Directions — Set down each record below precisely, skipping the pictures.

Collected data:

============

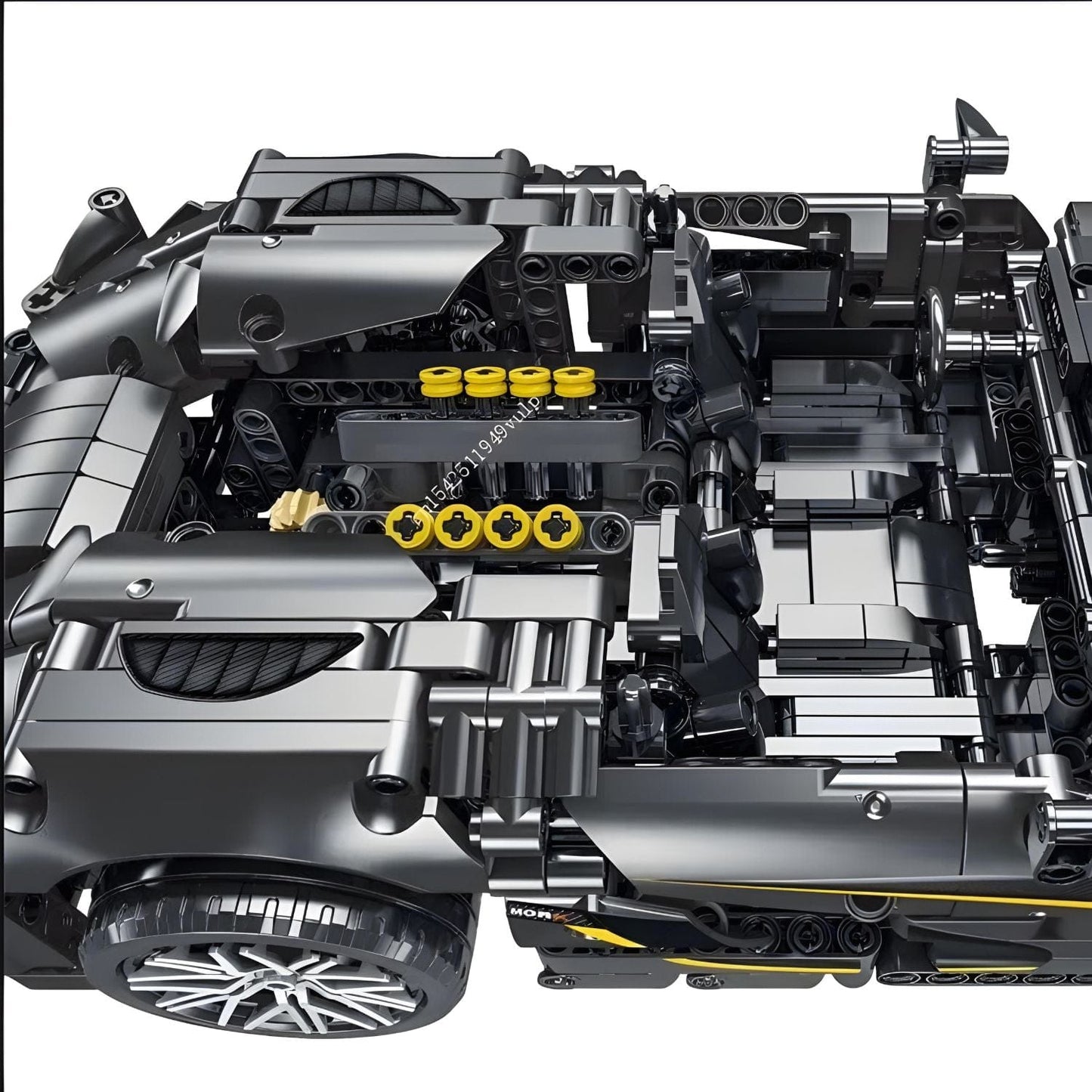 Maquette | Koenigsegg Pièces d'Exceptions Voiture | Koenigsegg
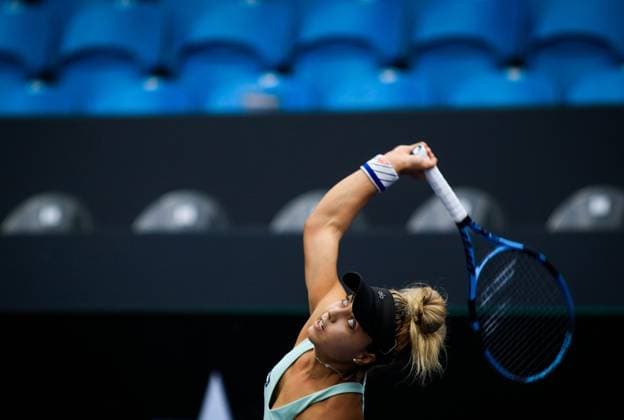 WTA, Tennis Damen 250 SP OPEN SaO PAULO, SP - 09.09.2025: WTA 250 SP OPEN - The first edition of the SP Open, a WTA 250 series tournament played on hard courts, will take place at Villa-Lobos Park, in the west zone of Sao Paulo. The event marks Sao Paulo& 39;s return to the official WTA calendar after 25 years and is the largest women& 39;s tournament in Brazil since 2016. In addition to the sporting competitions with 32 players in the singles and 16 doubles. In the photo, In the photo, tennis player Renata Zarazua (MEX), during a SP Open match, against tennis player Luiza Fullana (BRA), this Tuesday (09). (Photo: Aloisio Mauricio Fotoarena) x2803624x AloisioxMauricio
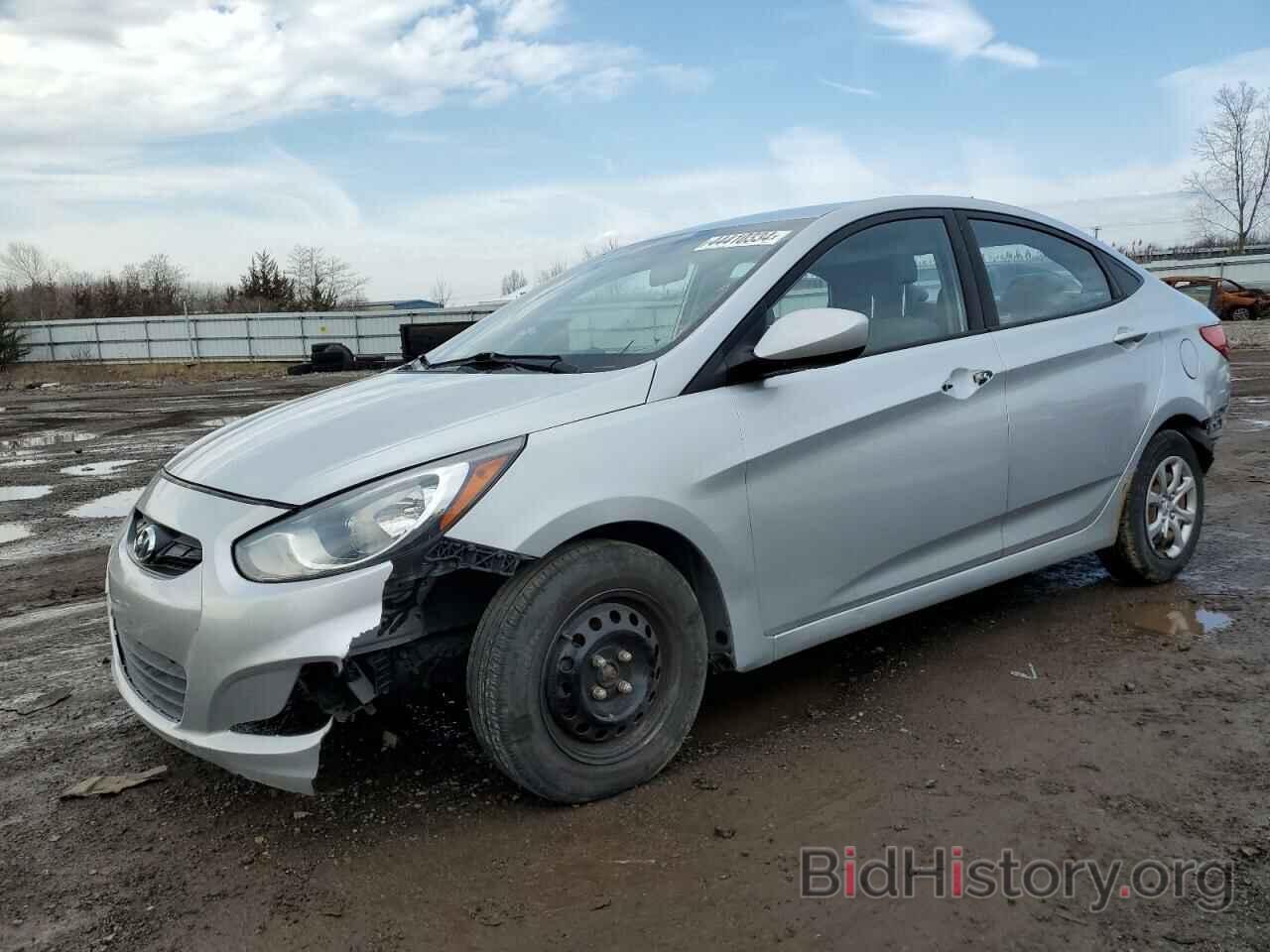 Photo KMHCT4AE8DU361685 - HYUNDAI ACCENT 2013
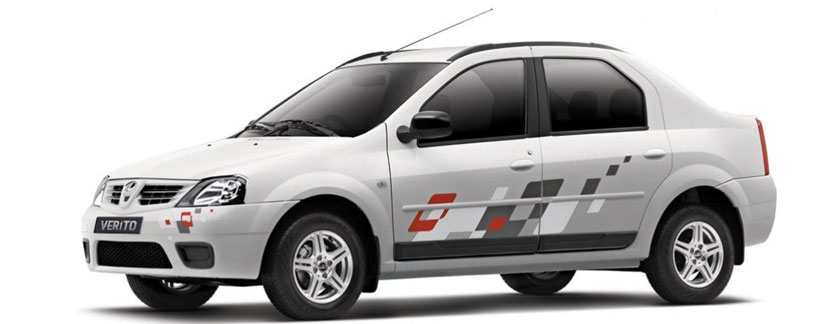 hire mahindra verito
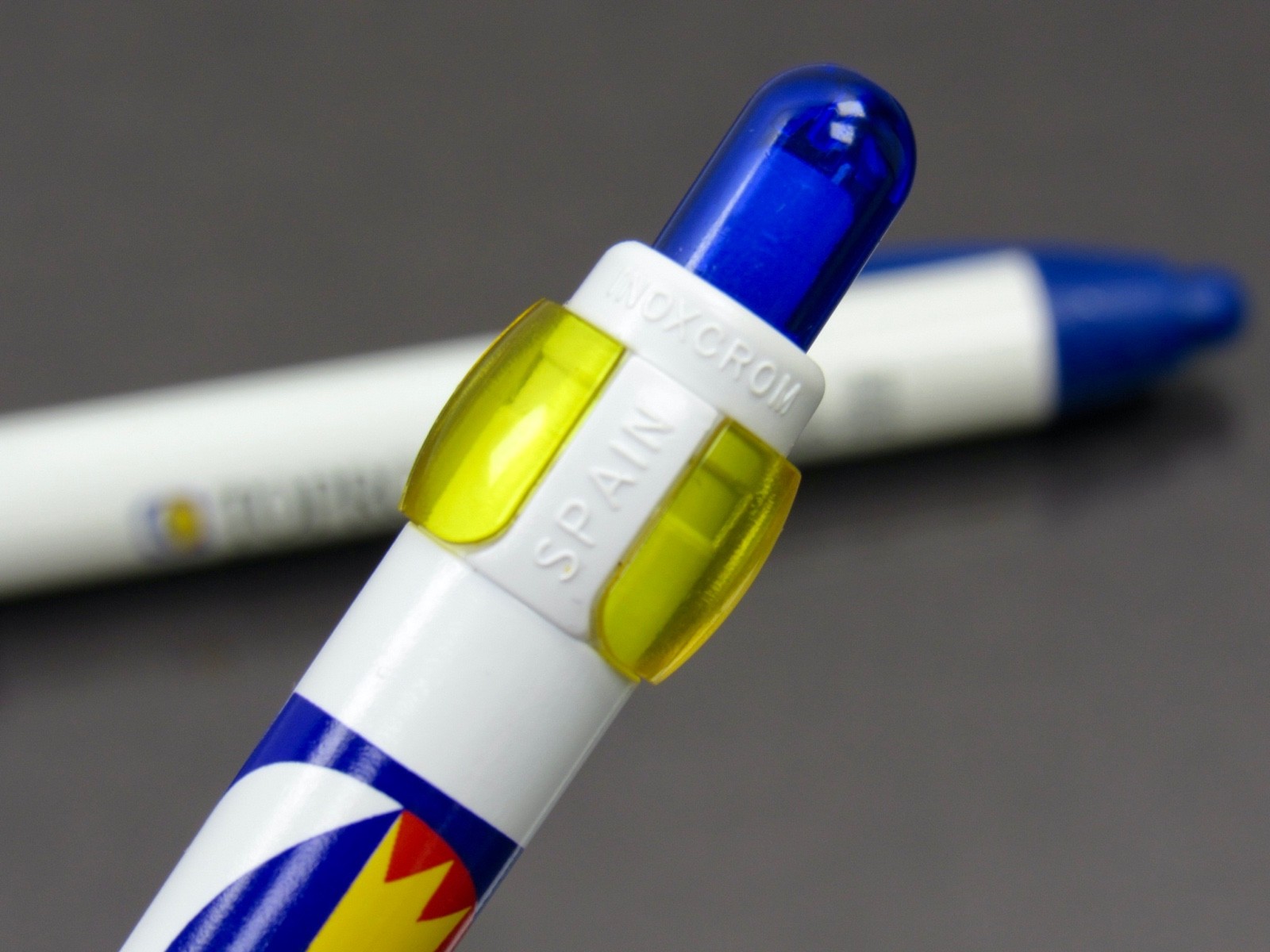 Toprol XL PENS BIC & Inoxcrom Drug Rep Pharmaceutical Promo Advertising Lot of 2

============

Solution to this problem —
 Maquette | Koenigsegg Pièces d'Exceptions Voiture | Koenigsegg
 WTA, Tennis Damen 250 SP OPEN SaO PAULO, SP - 09.09.2025: WTA 250 SP OPEN - The first edition of the SP Open, a WTA 250 series tournament played on hard courts, will take place at Villa-Lobos Park, in the west zone of Sao Paulo. The event marks Sao Paulo& 39;s return to the official WTA calendar after 25 years and is the largest women& 39;s tournament in Brazil since 2016. In addition to the sporting competitions with 32 players in the singles and 16 doubles. In the photo, In the photo, tennis player Renata Zarazua (MEX), during a SP Open match, against tennis player Luiza Fullana (BRA), this Tuesday (09). (Photo: Aloisio Mauricio Fotoarena) x2803624x AloisioxMauricio
 Photo KMHCT4AE8DU361685 - HYUNDAI ACCENT 2013
 hire mahindra verito
 Toprol XL PENS BIC & Inoxcrom Drug Rep Pharmaceutical Promo Advertising Lot of 2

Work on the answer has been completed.